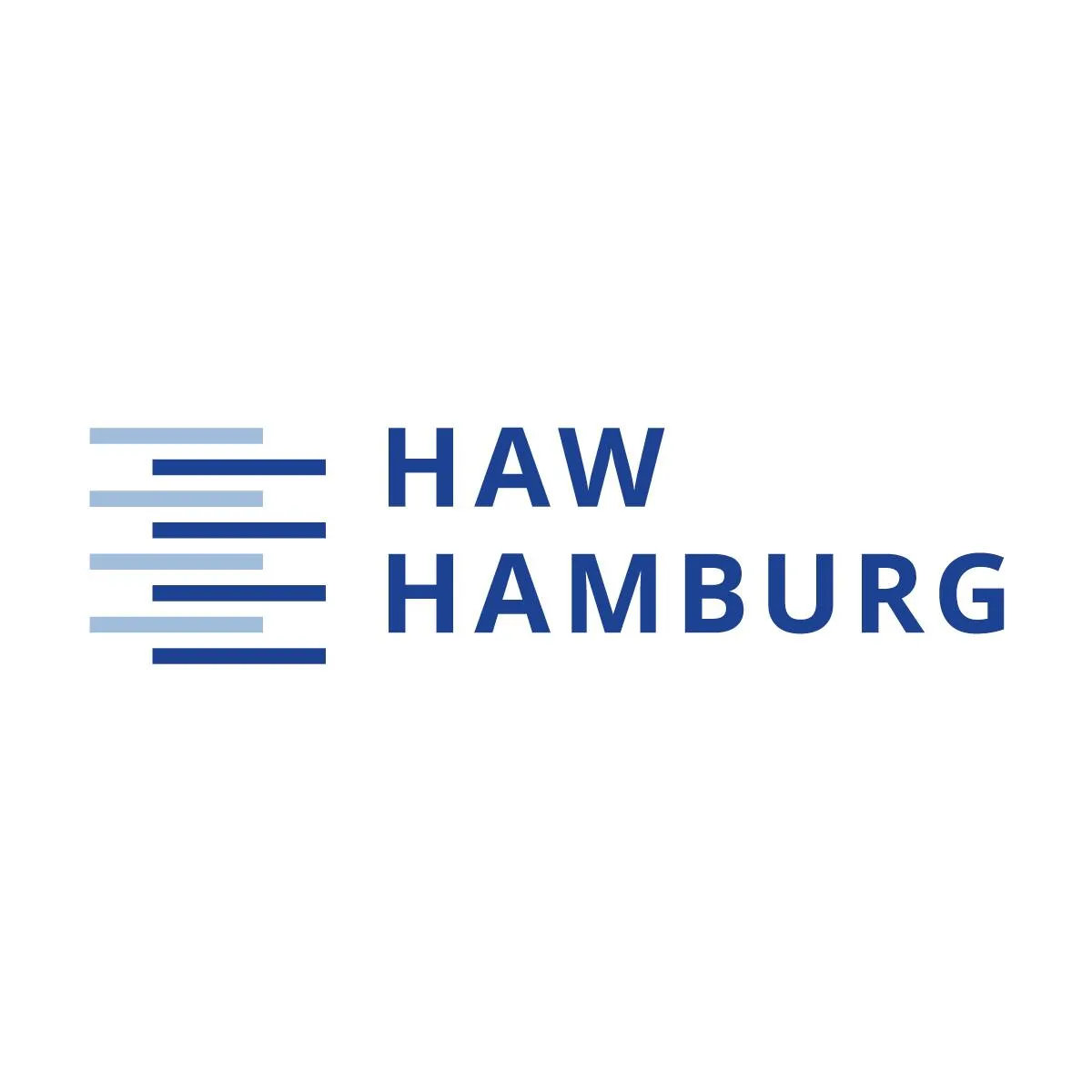 HAW Hamburg logo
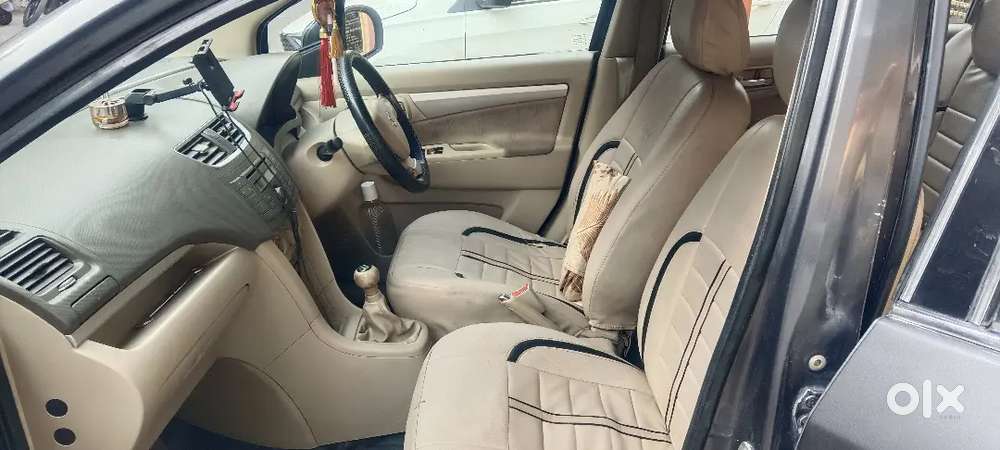 Maruti Suzuki Ertiga 2015 Diesel 215000 Km Driven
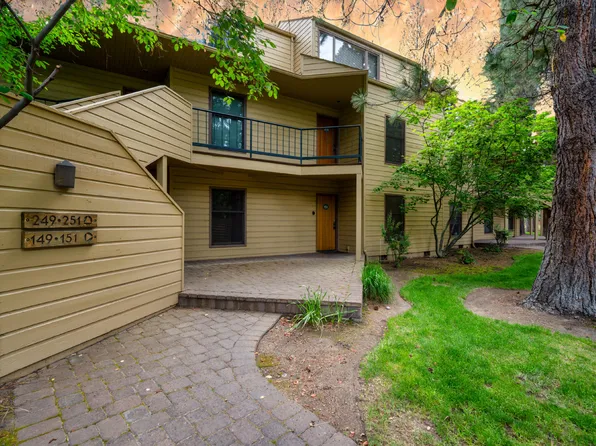 19717 SW Mount Bachelor Dr Unit 150, Bend, OR 97702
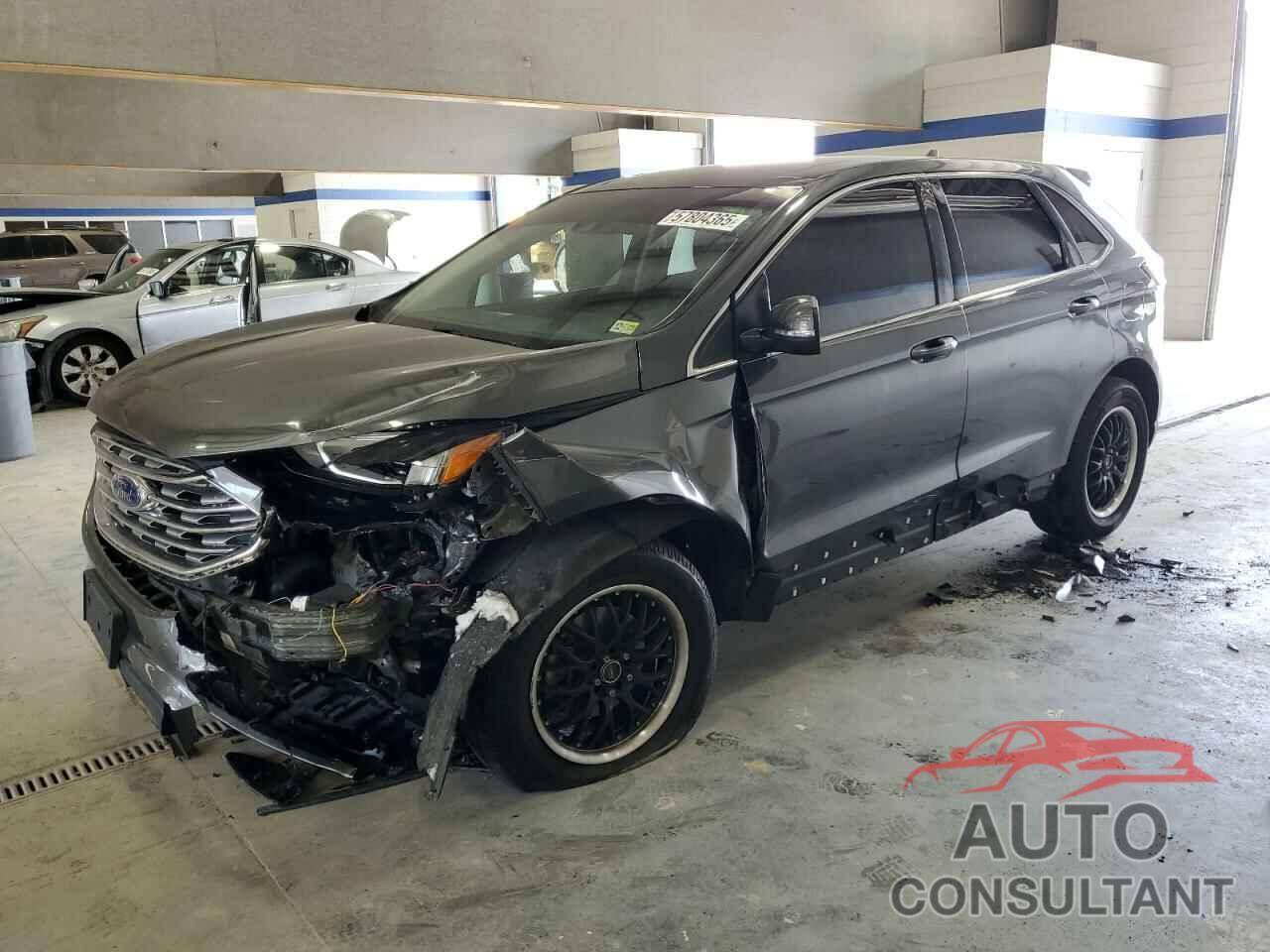FORD EDGE 2020 - 2FMPK3J93LBA08227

+ + + + +

_Task goal:_
After locating the line that contains "Maruti Suzuki Ertiga", output it and all later lines through the end of the material exactly, leaving out pictures.

_Task answer:_
 Maruti Suzuki Ertiga 2015 Diesel 215000 Km Driven
 19717 SW Mount Bachelor Dr Unit 150, Bend, OR 97702
FORD EDGE 2020 - 2FMPK3J93LBA08227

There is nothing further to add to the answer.